The Force Public Relations Officer, Frank Mba, who was responding to questions on ritual practices and ‘get rich quick’ schemes, said this on a live television programme on NTA, ‘Good Morning Nigeria’. He said: “Stealing of underwear for whatsoever reason is a recent phenomenon. Before now, we had cases of ritual killings but we can’t investigate things that are not empirically verifiable except when there is convergence of the act like cases of murder or an attempt or related crimes.” The police spokesperson went on to advice youths against drug abuse, adding that substance abuse fuels crime.

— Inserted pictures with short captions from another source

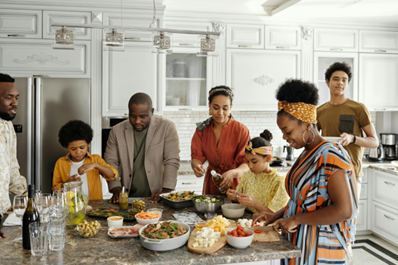 family around kitchen table filled with food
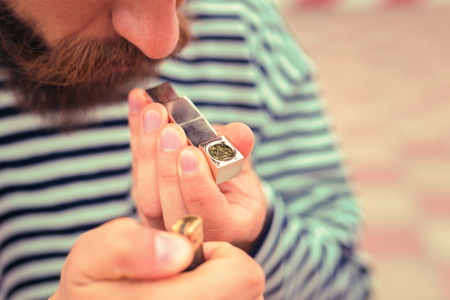 Man smoking pipe. Laconic image of bearded man holding tiny metal pipe and lighting tobacco in it...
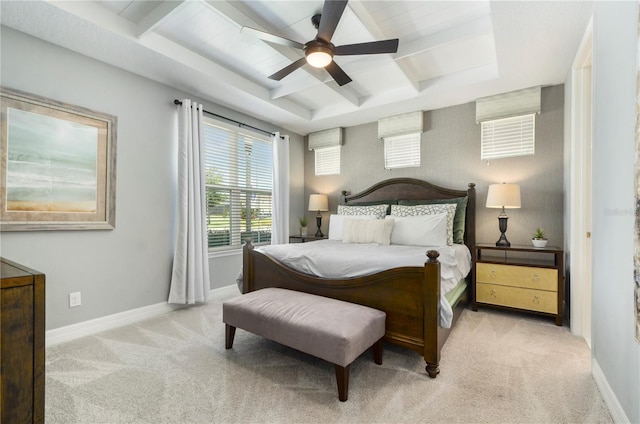 carpeted bedroom with a tray ceiling and ceiling fan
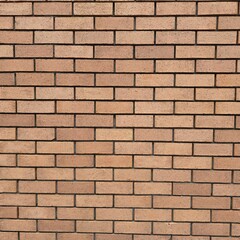 Horizontal brown brick wall texture with natural tones and aligned pattern.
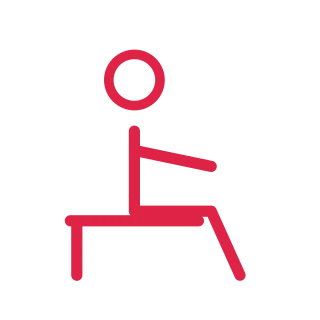 A simple faceless line figure is shown seated, with a circular head and clearly separated limbs.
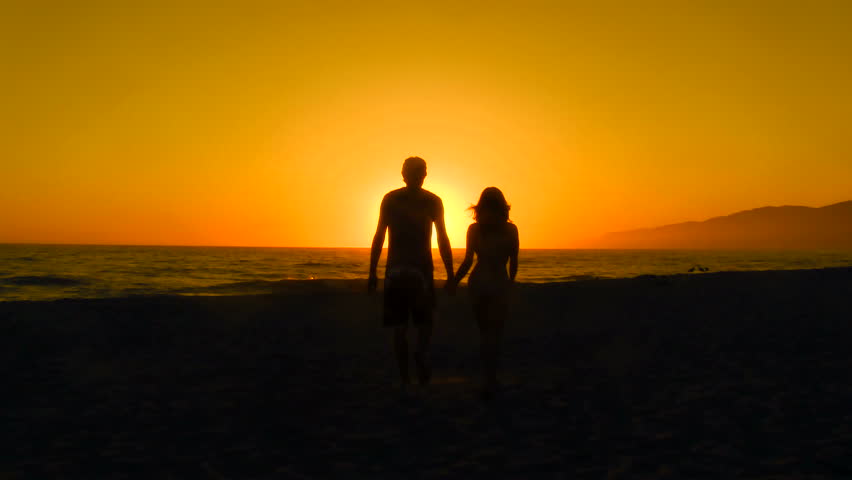 Couple Walking Along Summer Beach At Sunset Stock Footage Video 2526950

“Drug and substance abuses are strong conscience suppressors that influence our youths into these wicked acts of fetish and ritual killings for get-rich-quick. While we’ll continue to fight the menace of drug abuse head-on, we want our youths to desist or be ready to bear the consequences “We don’t investigate divinations or morality except related acts that constitute a criminal offence. Apart from factors like unemployment, what we have on home videos, TV programmes and messages being sent out help in spreading these evils.” In his reaction, a Lagos-based lawyer, Emmanuel Nwaghodoh, said that most people who should know better unfortunately are the ones helping to fuel the menace by believing in arcane things and fetish practices.
While also blaming the malaise on the worsening economic condition across the country, Nwaghodoh urged security agencies to step up and live up to their responsibility of protecting lives and property. “From time, our politicians believe ritual killings or severed human parts and organs would help them win elections.
For me, they are vampires thirsty for human blood,” he added. Speaking on how to curb the malady, a security expert, Dr. Ona Ekhomu, stressed the need for people to always be vigilant and take cognizance of their environment. He advocated value reorientation and called for more jobs creation to help steer desperate youths away from turning into body part merchants, kidnappers and murderers. Ekhomu lamented the inability to prosecute those caught in the act, which he said, had continued to encourage others to remain in the business. He therefore called for stiffer penalty for anyone caught in the act of ritual killings, as, according to him, that will serve as a deterrent to others, especially the youth.